こう紹介してしもうたら、とても読めそうにないっちゅうて、ドン引きされてしまいそうやけんど、これがメチャクチャ面白うて、ハマリまくって読みふけってしもうて、ワシゃあ数日で読了してしもうたがよ。
何でかゆうたら、全体じゃあ350ページもあるがやけんど、中身は「16講」に分かれちょって、「1講」がだいたい20ページばあのもんやき、実は意外に読みやすい構成となっちゅうがやき。
確かに内容は、かなりディープな部分も多うて、わかりにくい表現らあも少のうないがやけんど、自分が興味を持った「構」だっけをピックアップして読むっちゅう読み方もできるき、その読み方で進みよったら、面白いもんやき、いつの間にか全部を読み終えてしもうちょったっちゅうことになりそうな、そんなお薦め書籍ながよ。
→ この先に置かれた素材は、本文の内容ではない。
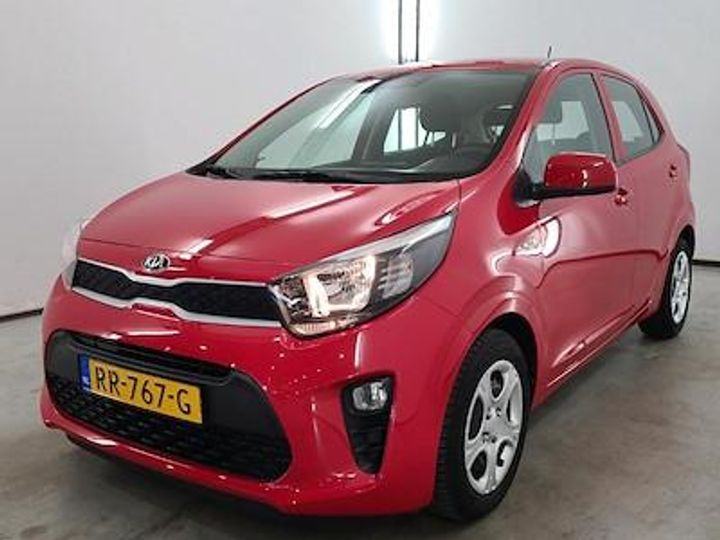 KIA PICANTO 2018 knab2511ajt147650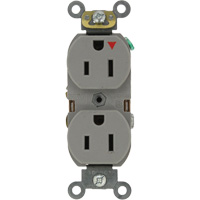 Prise double isol&eacute;e de calibre industriel Oxford Builders Supplies Inc
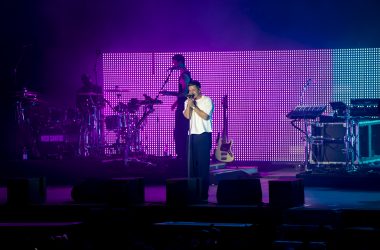 Nico Santos bei den Kurpark Classix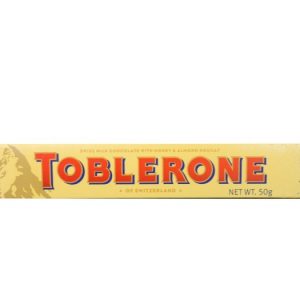 toblerone chocolate milk 50g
ほいたら参考までに、その全「16構」のタイトルとサブタイトルを、以下にご紹介しちょきますぜよ。
【第一構:柱を立てる】古代日本の共同体の原点「柱の文化」から話を始めろう。
【第二構:和漢の境をまたぐ】「中国語のリミックス」で日本文化が花開いた。
【第三構:イノリとミノリ】日本人にとって大切な「コメ信仰」をめぐる。
【第四構:神と仏の習合】寛容ながか、無宗教ながか。「多神多仏」の不思議な国。
【第五構:和する/荒ぶる】アマテラスとスサノオに始まる「和」の起源。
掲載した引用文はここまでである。